Only believe in what you see?

Only believe what you can see?

If seeing is believing, how does that work with God? 

Mark Greenwood, Elim’s national evangelist, continues his series tackling tough questions

 A professor once asked me how I could believe in a God I couldn’t see. “I’m a scientist,” he said. “I only believe in things I can observe.” I asked him how we got here, to which he replied, “The Big Bang.” I asked, “Did it make you jump?” “What do you mean?” he replied. “Was it bright? Was it loud?” He replied, “I don’t know, I wasn’t there.” I told him I assumed he must have been because he only believed in things he could see! In fact, most people believe what they believe through hearing and reading and not actually seeing. It’s inconsistent logic then to say people have to see before they believe when it comes to God.

 Can’t be proved?

Imagine you’re a teacher and you notice two students kicking each other under the table. Everyone else is working so you’re the only one that sees them. “Stop that,” you say. “Stop what,” they reply. “Kicking each other,” you say. “We didn’t do anything,” they say, to which you reply, “I saw you with my own eyes.” “You can’t prove it,” they say.
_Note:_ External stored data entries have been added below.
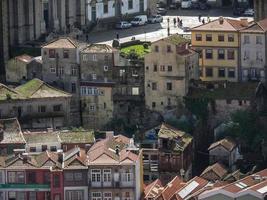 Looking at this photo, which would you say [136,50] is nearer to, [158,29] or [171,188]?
[158,29]

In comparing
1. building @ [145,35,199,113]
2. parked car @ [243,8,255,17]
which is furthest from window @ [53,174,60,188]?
parked car @ [243,8,255,17]

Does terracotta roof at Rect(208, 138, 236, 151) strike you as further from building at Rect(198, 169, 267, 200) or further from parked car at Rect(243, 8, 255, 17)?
parked car at Rect(243, 8, 255, 17)

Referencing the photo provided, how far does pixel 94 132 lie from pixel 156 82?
5162mm

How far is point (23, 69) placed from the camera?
442 feet

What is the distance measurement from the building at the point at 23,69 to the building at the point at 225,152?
13.3 meters

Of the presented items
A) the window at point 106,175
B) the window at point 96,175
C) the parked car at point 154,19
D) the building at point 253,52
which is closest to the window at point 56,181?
the window at point 96,175

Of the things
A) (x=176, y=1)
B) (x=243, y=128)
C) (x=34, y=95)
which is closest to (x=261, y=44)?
(x=243, y=128)

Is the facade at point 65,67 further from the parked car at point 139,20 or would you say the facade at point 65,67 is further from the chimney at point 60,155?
the parked car at point 139,20

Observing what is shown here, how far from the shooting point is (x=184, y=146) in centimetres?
12694

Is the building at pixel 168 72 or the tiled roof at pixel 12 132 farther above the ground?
the building at pixel 168 72

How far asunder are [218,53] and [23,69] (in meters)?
12.6

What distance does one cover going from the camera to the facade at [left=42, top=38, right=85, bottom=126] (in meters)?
133

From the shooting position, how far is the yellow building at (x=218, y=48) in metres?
132

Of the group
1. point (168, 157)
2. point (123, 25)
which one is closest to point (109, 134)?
point (168, 157) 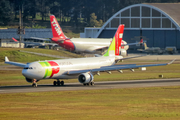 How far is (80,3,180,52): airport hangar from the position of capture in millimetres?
138125

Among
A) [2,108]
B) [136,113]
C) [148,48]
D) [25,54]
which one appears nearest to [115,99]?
[136,113]

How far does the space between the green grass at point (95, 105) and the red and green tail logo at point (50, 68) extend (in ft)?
19.0

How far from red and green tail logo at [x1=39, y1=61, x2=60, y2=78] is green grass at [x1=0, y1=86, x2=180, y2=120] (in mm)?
5781

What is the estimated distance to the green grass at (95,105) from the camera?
30641 millimetres

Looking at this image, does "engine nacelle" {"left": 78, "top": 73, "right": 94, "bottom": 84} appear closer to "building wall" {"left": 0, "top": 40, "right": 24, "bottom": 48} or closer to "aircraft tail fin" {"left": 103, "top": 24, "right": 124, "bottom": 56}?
"aircraft tail fin" {"left": 103, "top": 24, "right": 124, "bottom": 56}

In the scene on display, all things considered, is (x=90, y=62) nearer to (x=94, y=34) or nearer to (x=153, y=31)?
(x=153, y=31)

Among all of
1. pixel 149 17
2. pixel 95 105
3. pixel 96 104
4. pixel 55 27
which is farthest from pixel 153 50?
pixel 95 105

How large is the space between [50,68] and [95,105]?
15.7m

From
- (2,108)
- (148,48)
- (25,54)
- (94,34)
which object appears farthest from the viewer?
(94,34)

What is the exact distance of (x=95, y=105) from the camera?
3553 cm

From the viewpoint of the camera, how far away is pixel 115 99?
39312 mm

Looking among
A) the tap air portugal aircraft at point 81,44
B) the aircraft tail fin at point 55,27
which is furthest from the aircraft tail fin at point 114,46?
the tap air portugal aircraft at point 81,44

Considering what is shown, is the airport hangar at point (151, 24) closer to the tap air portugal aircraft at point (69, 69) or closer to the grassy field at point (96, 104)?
the tap air portugal aircraft at point (69, 69)

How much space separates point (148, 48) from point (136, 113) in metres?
107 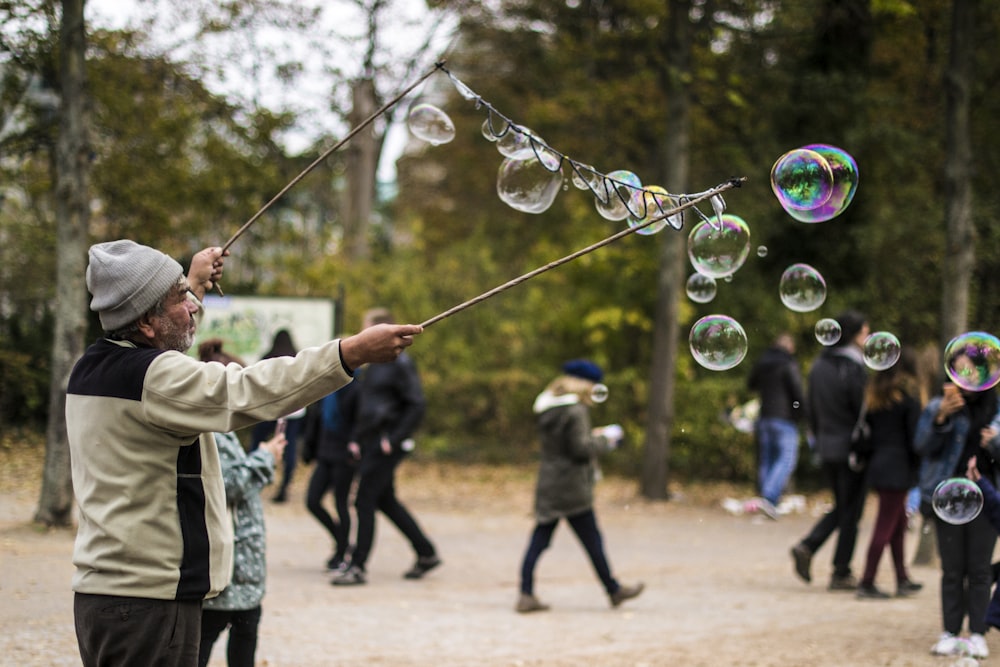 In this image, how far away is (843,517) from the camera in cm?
917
And they’re right… but it doesn’t change the fact that it happened. I once spent two weeks on jury service and we had to make our decision about the guilt (or innocence) of the defendant from the evidence we had in front of us. There were times when we didn’t have any scientific evidence but our legal system determined there is enough evidence simply on the testimony of a witness to decide what happened. You don’t have to have seen what happened to believe.

Read the full article in Direction Magazine

 

‘Most people believe what they believe through hearing and reading and not actually seeing.’
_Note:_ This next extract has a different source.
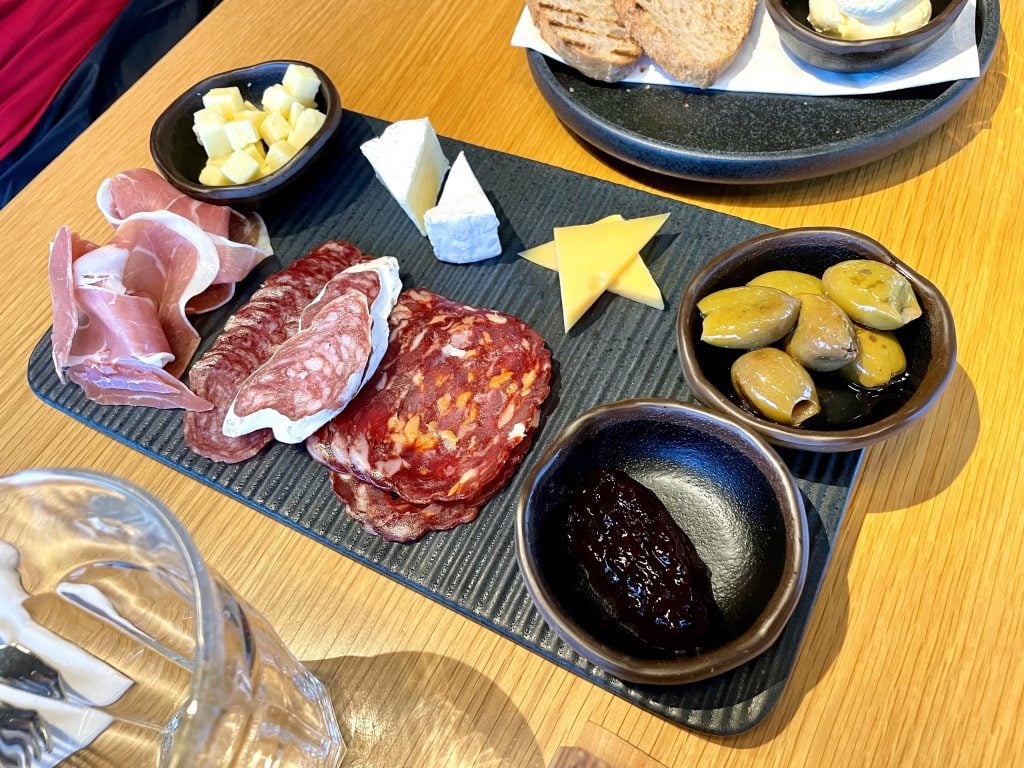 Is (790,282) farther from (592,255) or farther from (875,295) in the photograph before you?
(592,255)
‘The universe is made up of billions of stars so vast and distant that continuous new discoveries astonish astronomers. If the thickness of a normal page were to represent the distance between the earth and the sun, a 23.6 metre stack of paper would be needed to represent the distance to our nearest star.’

‘You cannot apply scientific principles to proving God; you cannot get him into a test tube’

‘We all believe in things we have no firsthand evidence of and even what we do see has subjectivity about it’

This article is from the March 2017 issue of Direction Magazine. Order your copy today…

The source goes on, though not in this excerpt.